Task item =
Skip the pictures. Quote every line below, exactly, from the one with "Kondominium untuk Disewa" through the final line.

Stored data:
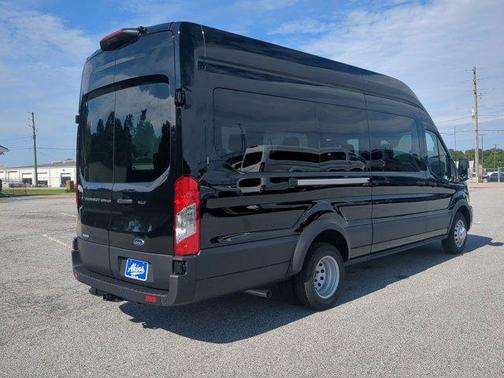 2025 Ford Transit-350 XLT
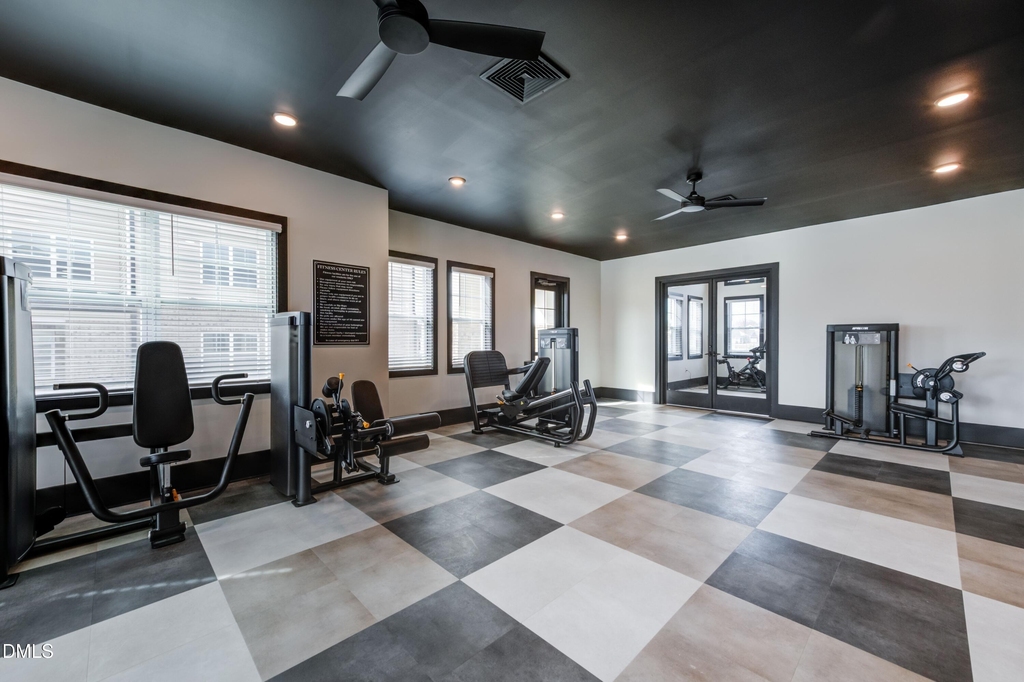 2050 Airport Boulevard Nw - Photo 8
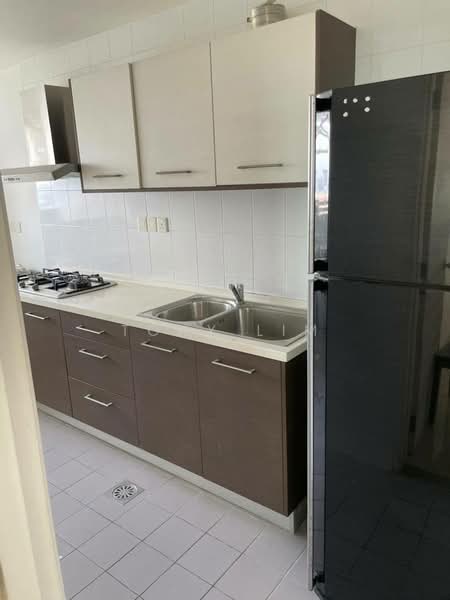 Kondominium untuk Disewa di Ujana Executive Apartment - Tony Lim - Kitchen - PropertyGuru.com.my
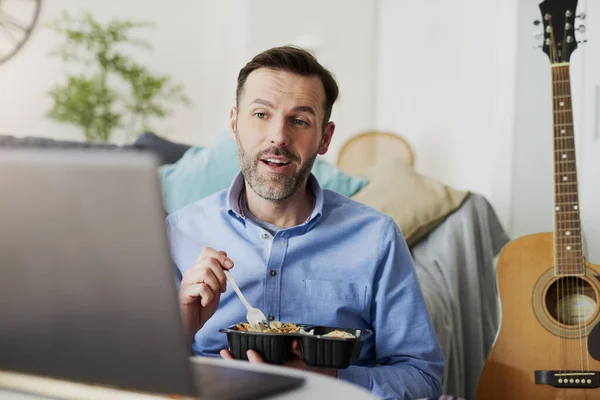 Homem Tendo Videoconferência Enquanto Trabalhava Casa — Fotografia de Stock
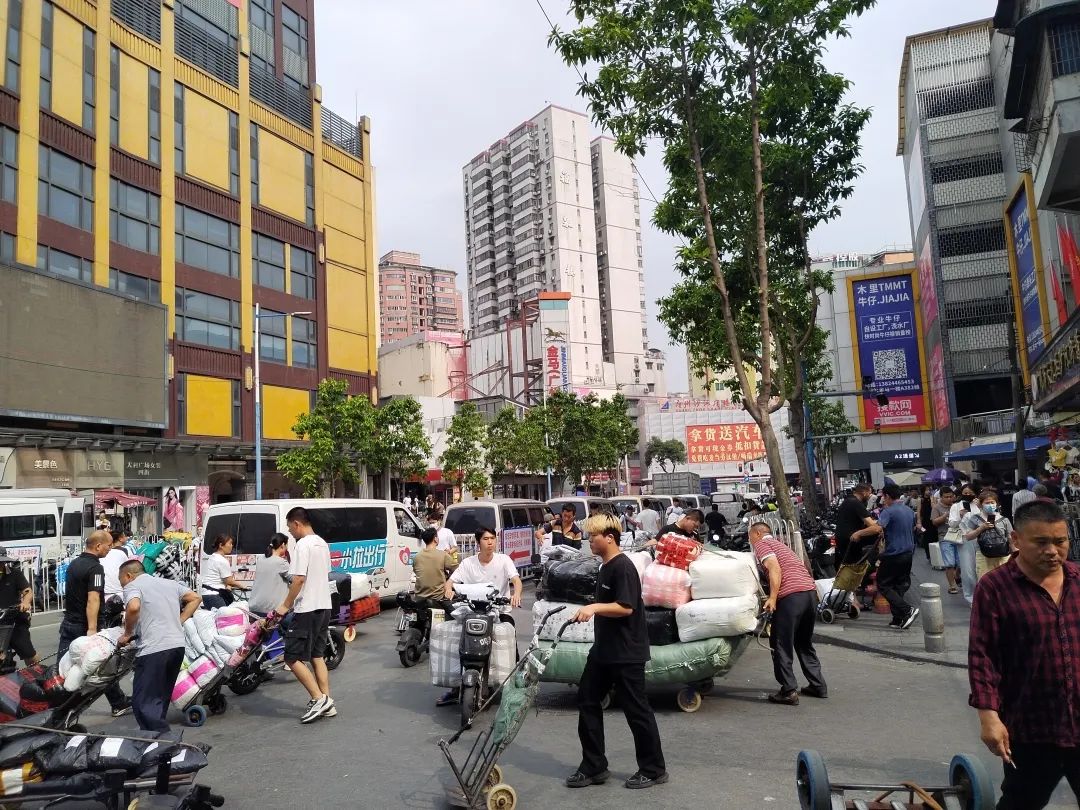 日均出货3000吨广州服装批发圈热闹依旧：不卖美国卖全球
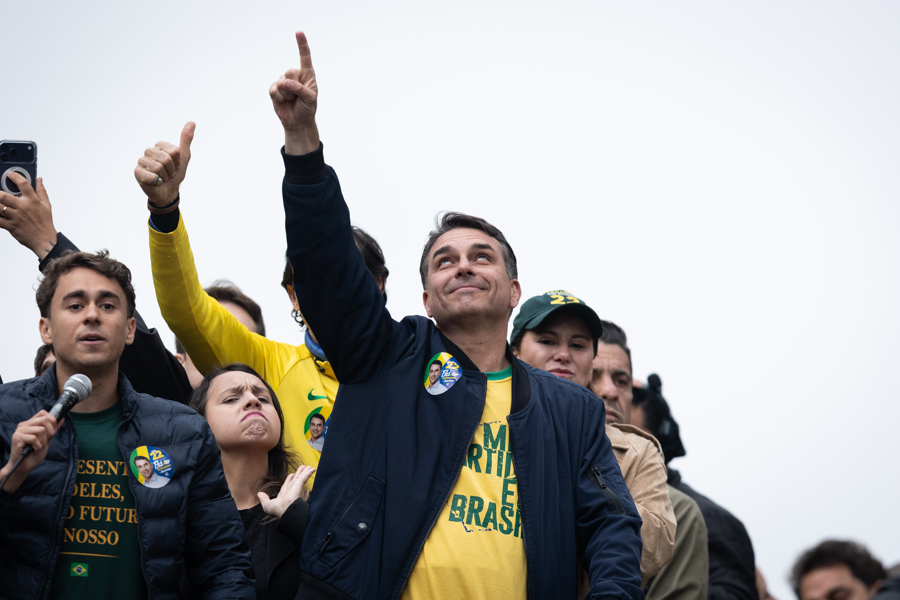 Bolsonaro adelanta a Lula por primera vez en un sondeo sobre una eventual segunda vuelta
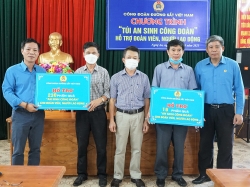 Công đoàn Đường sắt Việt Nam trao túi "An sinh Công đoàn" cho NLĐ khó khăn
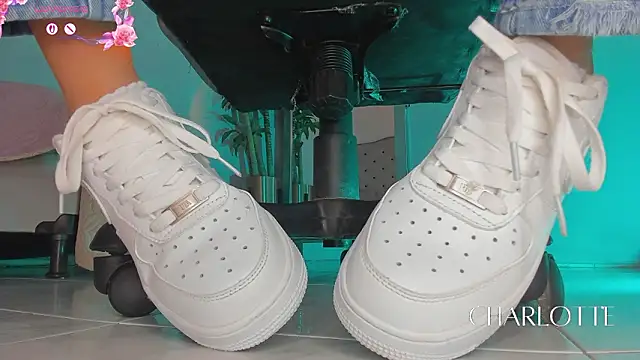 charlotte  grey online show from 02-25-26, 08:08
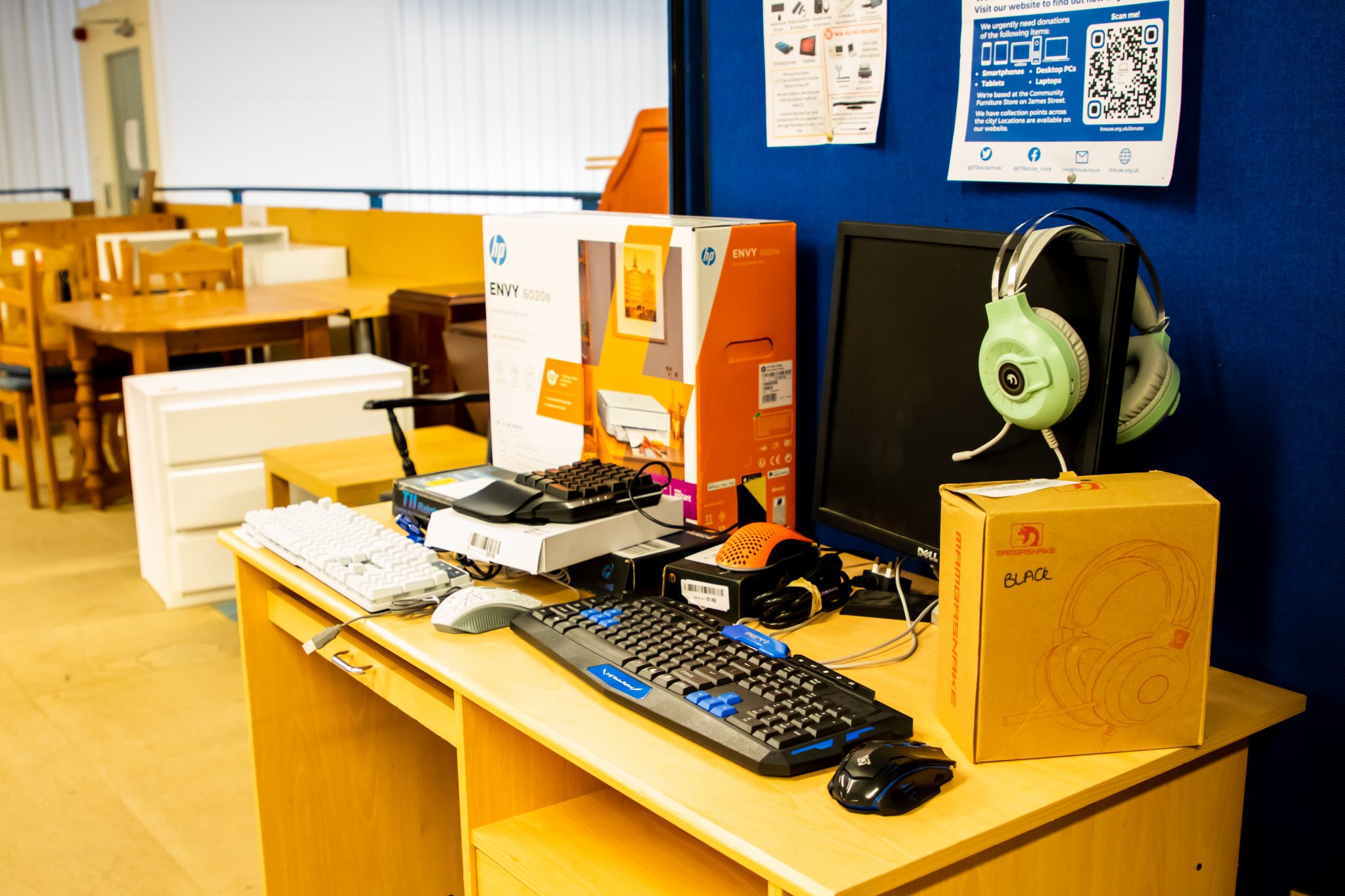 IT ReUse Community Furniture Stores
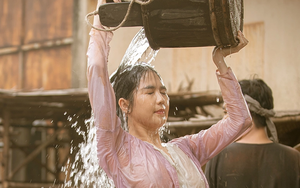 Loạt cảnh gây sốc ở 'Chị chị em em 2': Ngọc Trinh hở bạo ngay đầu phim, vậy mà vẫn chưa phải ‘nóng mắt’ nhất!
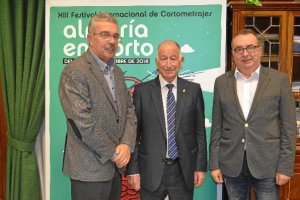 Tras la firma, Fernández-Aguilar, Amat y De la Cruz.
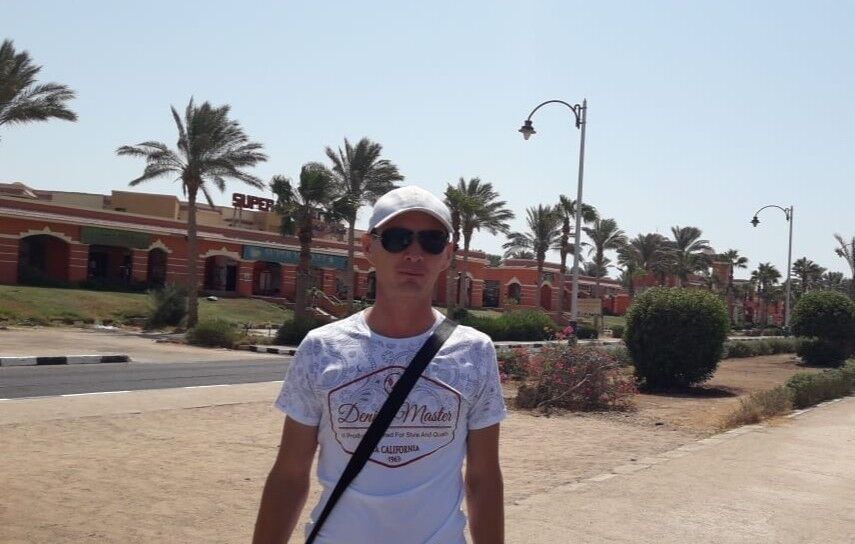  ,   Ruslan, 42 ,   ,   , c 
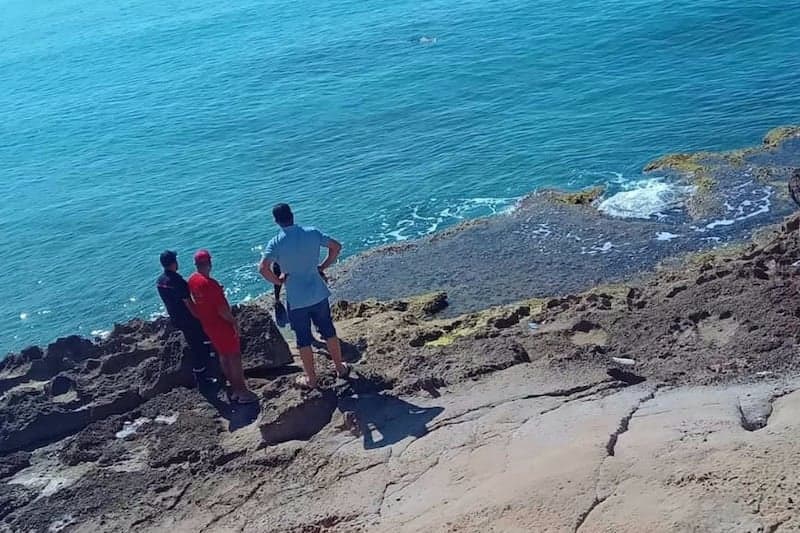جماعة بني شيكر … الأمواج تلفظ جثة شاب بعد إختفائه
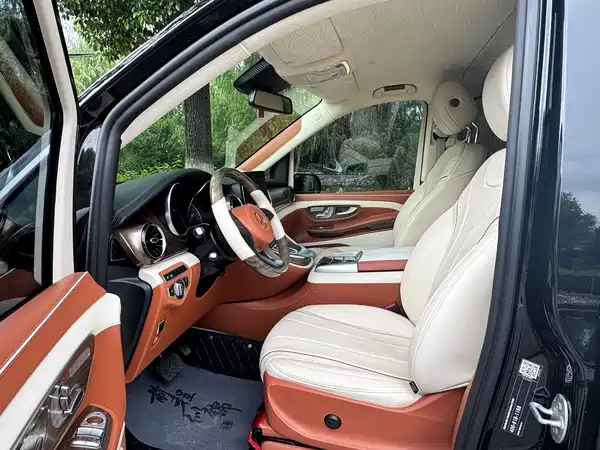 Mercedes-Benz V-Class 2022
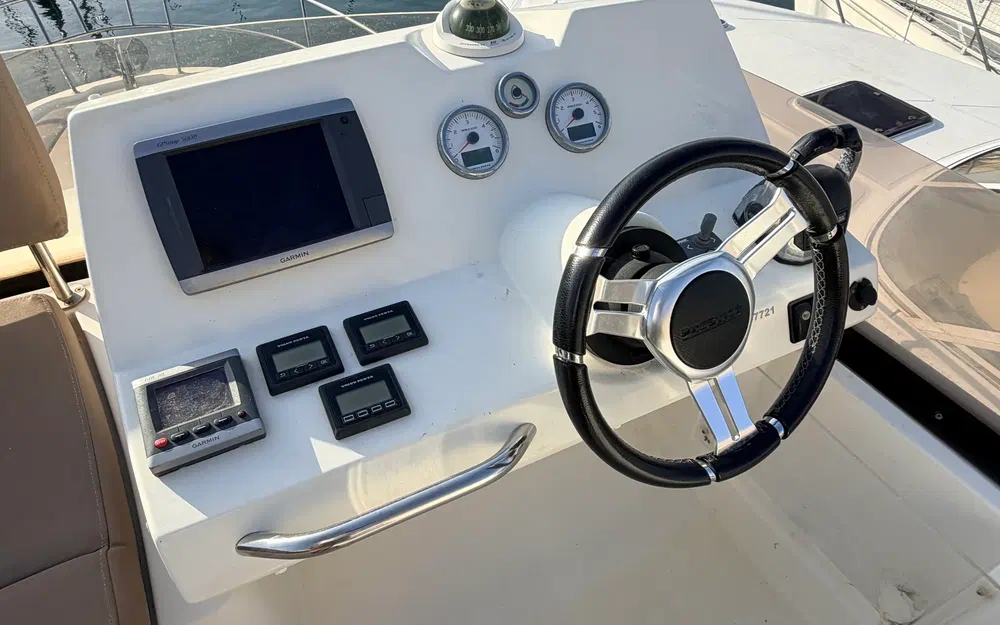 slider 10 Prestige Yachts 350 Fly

Solution to this exercise =
 Kondominium untuk Disewa di Ujana Executive Apartment - Tony Lim - Kitchen - PropertyGuru.com.my
 Homem Tendo Videoconferência Enquanto Trabalhava Casa — Fotografia de Stock
 日均出货3000吨广州服装批发圈热闹依旧：不卖美国卖全球
 Bolsonaro adelanta a Lula por primera vez en un sondeo sobre una eventual segunda vuelta
 Công đoàn Đường sắt Việt Nam trao túi "An sinh Công đoàn" cho NLĐ khó khăn
 charlotte  grey online show from 02-25-26, 08:08
 IT ReUse Community Furniture Stores
 Loạt cảnh gây sốc ở 'Chị chị em em 2': Ngọc Trinh hở bạo ngay đầu phim, vậy mà vẫn chưa phải ‘nóng mắt’ nhất!
 Tras la firma, Fernández-Aguilar, Amat y De la Cruz.
  ,   Ruslan, 42 ,   ,   , c 
جماعة بني شيكر … الأمواج تلفظ جثة شاب بعد إختفائه
 Mercedes-Benz V-Class 2022
 slider 10 Prestige Yachts 350 Fly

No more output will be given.